ABOUT THIS EXERCISE: Could you copy the data that follows exactly as written, but drop the pictures?

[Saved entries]
*** Block opens ***

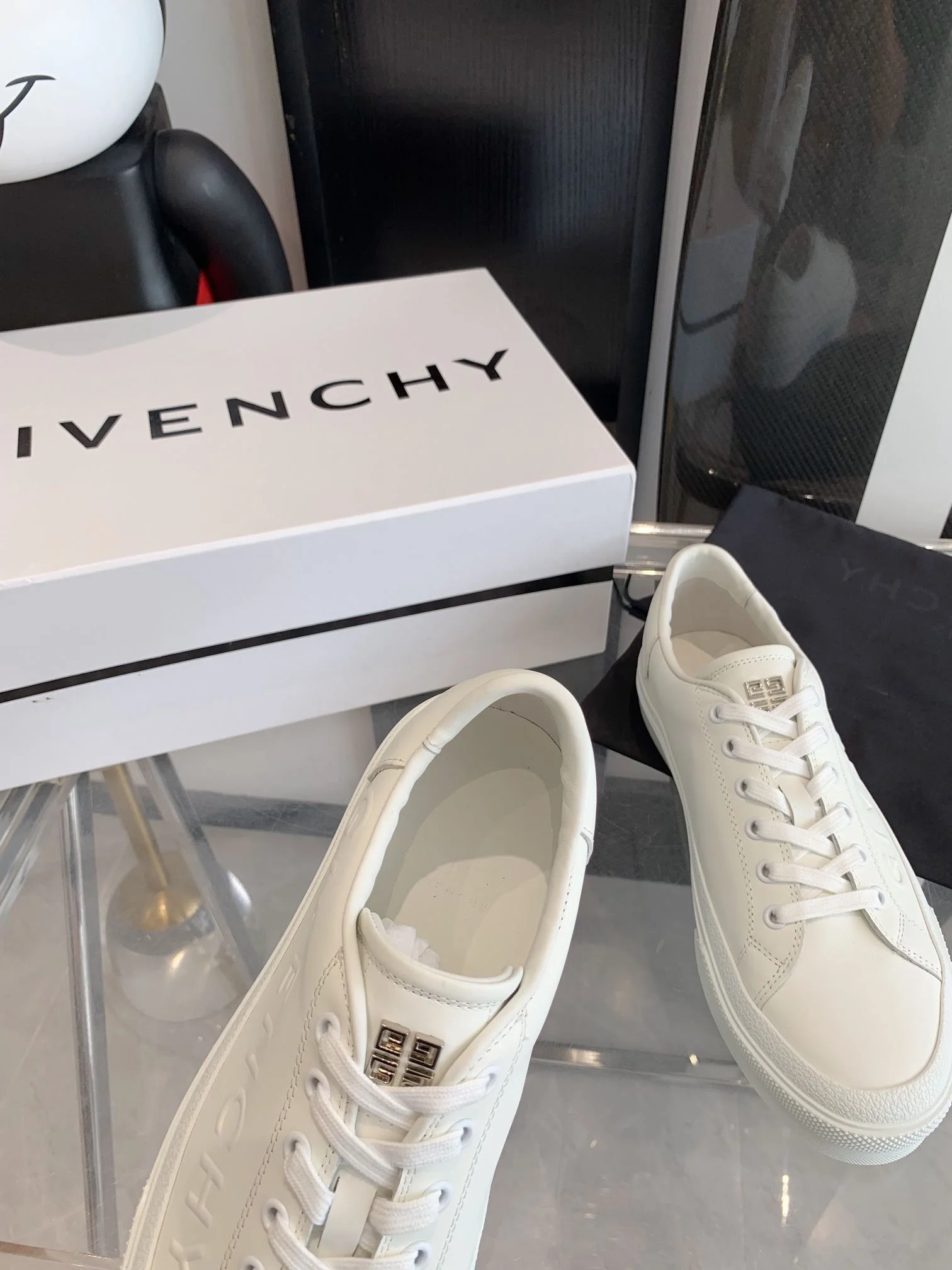 Givenchy Shoes Upgraded 8040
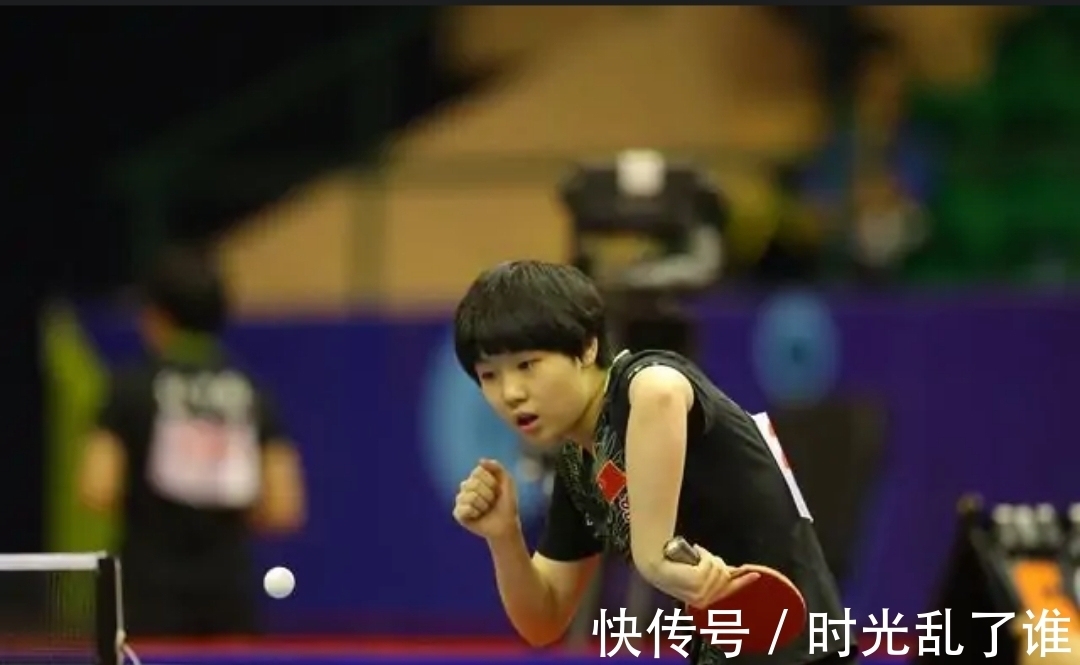 他继续穿着 他继续穿着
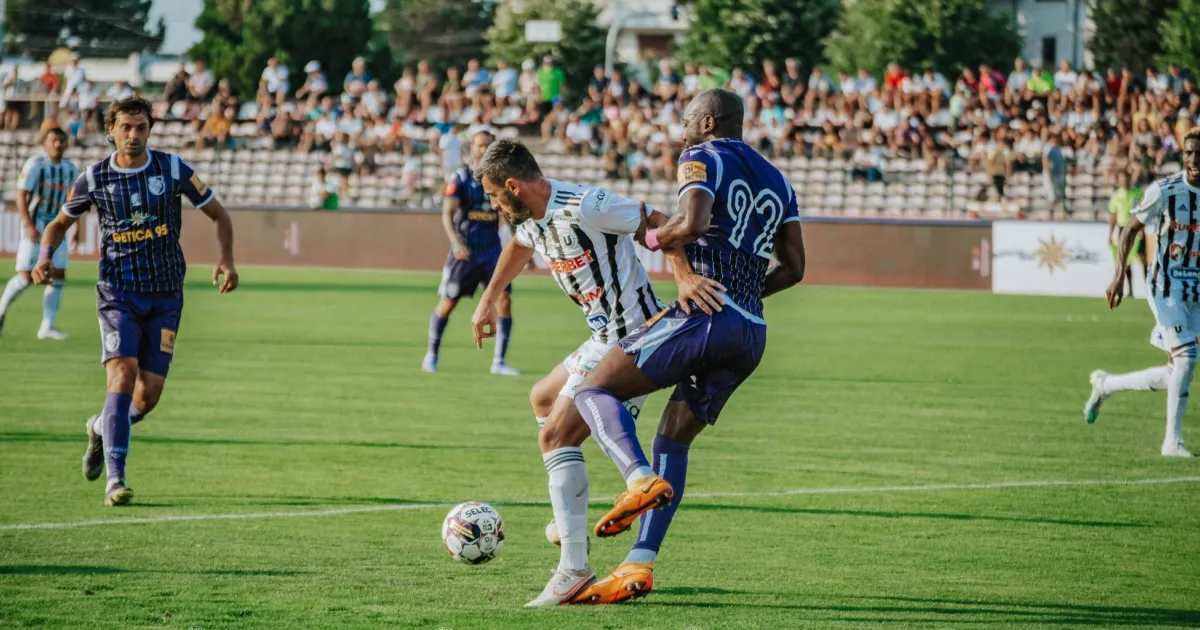 FC Universitatea Cluj începe turul deplasărilor din play-off cu o întâlnire dificilă la Mioveni, pe stadionul „Orășenesc”, sâmbătă, de la ora 20:30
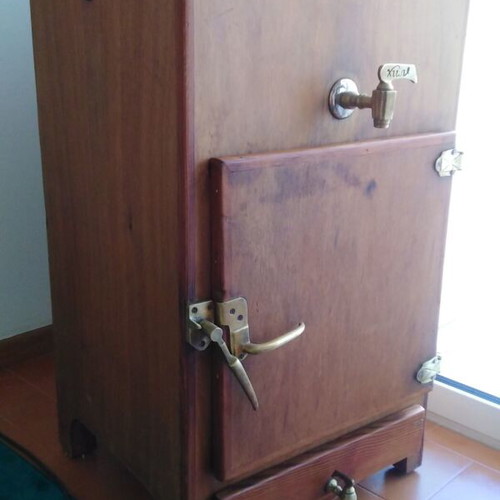 Old Xion icebox in relatively good condition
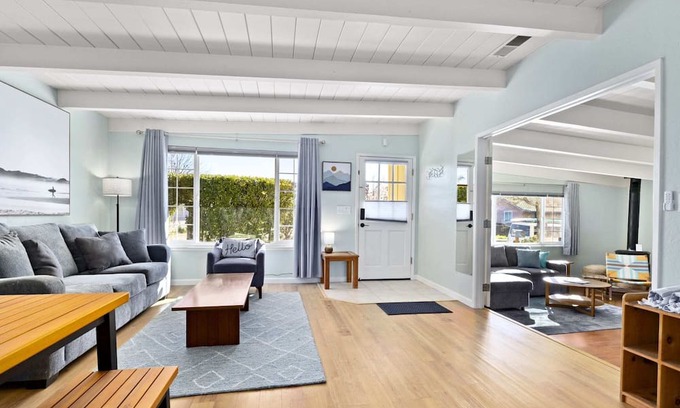 Eastside Santa Cruz House | Live Oak 2 bedroom home with spacious backyard!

*** Block closes ***

WRITTEN SOLUTION:
 Givenchy Shoes Upgraded 8040
 他继续穿着 他继续穿着
 FC Universitatea Cluj începe turul deplasărilor din play-off cu o întâlnire dificilă la Mioveni, pe stadionul „Orășenesc”, sâmbătă, de la ora 20:30
 Old Xion icebox in relatively good condition
 Eastside Santa Cruz House | Live Oak 2 bedroom home with spacious backyard!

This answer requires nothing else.